Isso fica ainda mais evidente quando a Relatora, brilhantemente, explica a finalidade do novo dispositivo, qual seja, esclarecer que só pode ser admitida pela via extrajudicial a multiparentalidade unilateral, isto é, a inclusão de um único ascendente socioafetivo ao lado de um ascendente biológico preexistente. A norma teve em vista limitar a inclusão extrajudicial de mais de um ascendente socioafetivo.

De acordo com o Desembargador Marcelo Martins Berthe, “A preocupação, nesse item, tem relação com a multiparentalidade, que poderia estar sujeita a abusos, como nos casos envolvendo um pai “e” uma mãe socioafetivos, hipótese que poderia encobrir uma adoção irregular.

Antes do Provimento 83/2019, pela leitura do artigo 14, era possível a interpretação de que tal dispositivo permitia a inclusão de dois ascendentes socioafetivos pela via extrajudicial, desde que por meio de procedimentos independentes. Leia-se:

Artigo 14. O reconhecimento da paternidade ou maternidade socioafetiva somente poderá ser realizado de forma unilateral e não implicará o registro de mais de dois pais e de duas mães no campo FILIAÇÃO no assento de nascimento.

Essa interpretação já havia sido afastada em esclarecimentos prestados pelo Ministro João Otávio de Noronha no Pedido de Providências n.º 0003325-80.2018.2.00.0000, promovido pela Corregedoria-Geral de Justiça do Estado do Ceará para aclarar a interpretação do referido artigo.

Segundo o Ministro Noronha, o artigo 14 do Provimento nº 63/2017 nunca quis permitir o registro de multiparentalidade, tanto é que o dispositivo se vale do termo “unilateral”, sendo que a norma pretendia, tão somente, a possibilidade de reconhecimento de paternidade socioafetiva por casais do mesmo sexo.

Assim, após as manifestações da ADFAS, em 14 de agosto de 2019, o Conselho Nacional de Justiça (CNJ) alterou os requisitos da paternidade socioafetiva.

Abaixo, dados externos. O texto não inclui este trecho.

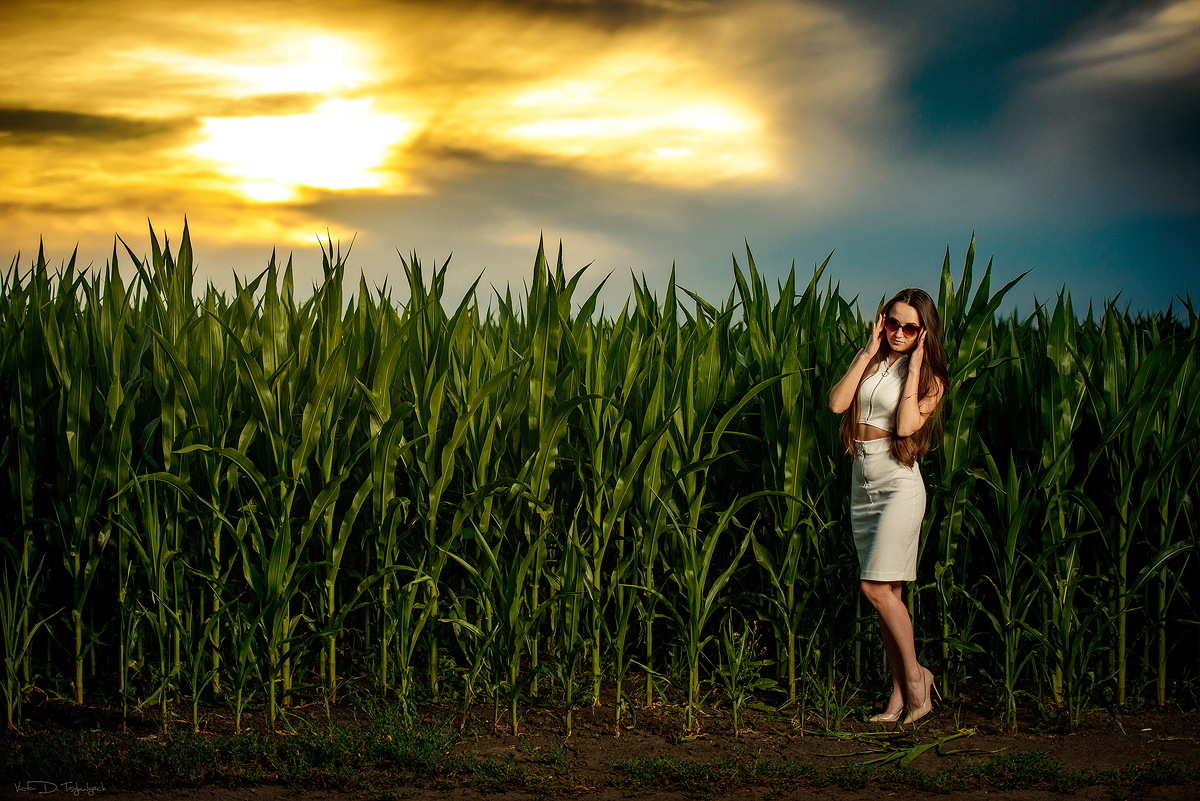 Девушка дрочит киску в кукурузном поле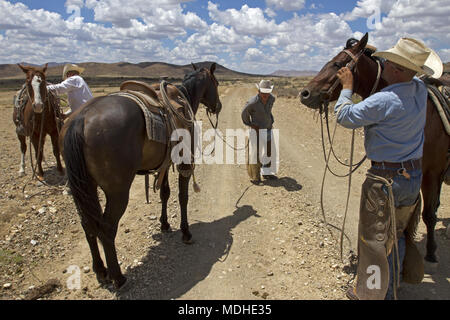 I cowboys tenetevi pronti per un round-up giorno su un West Texas ranch Foto Stock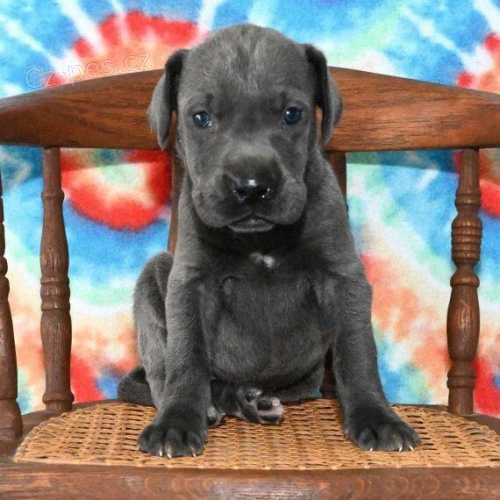 Prod�m �t��ata n�meck� dogy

Dentre as novas disposições, está o acréscimo dos parágrafos 1º e 2º ao art. 14 do Provimento 63/2017, que, segundo a Conselheira Jane Granzoto aclarou na Consulta ora comentada, buscou “(…) explicitar o sentido do termo “unilateral”, empregado no caput, para limitar a inclusão, pela via extrajudicial, de apenas um ascendente socioafetivo, conferindo maior segurança jurídica ao procedimento”.

Vê-se, então, que a resposta concedida pelo Conselho Nacional de Justiça, mais do que apenas esclarecer a impossibilidade do reconhecimento extrajudicial de filiação socioafetiva de neto por avós, pôs desfecho à discussão acerca da multiparentalidade pela via extrajudicial, afirmando que somente um vínculo de paternidade socioafetiva pode ser reconhecido dessa forma.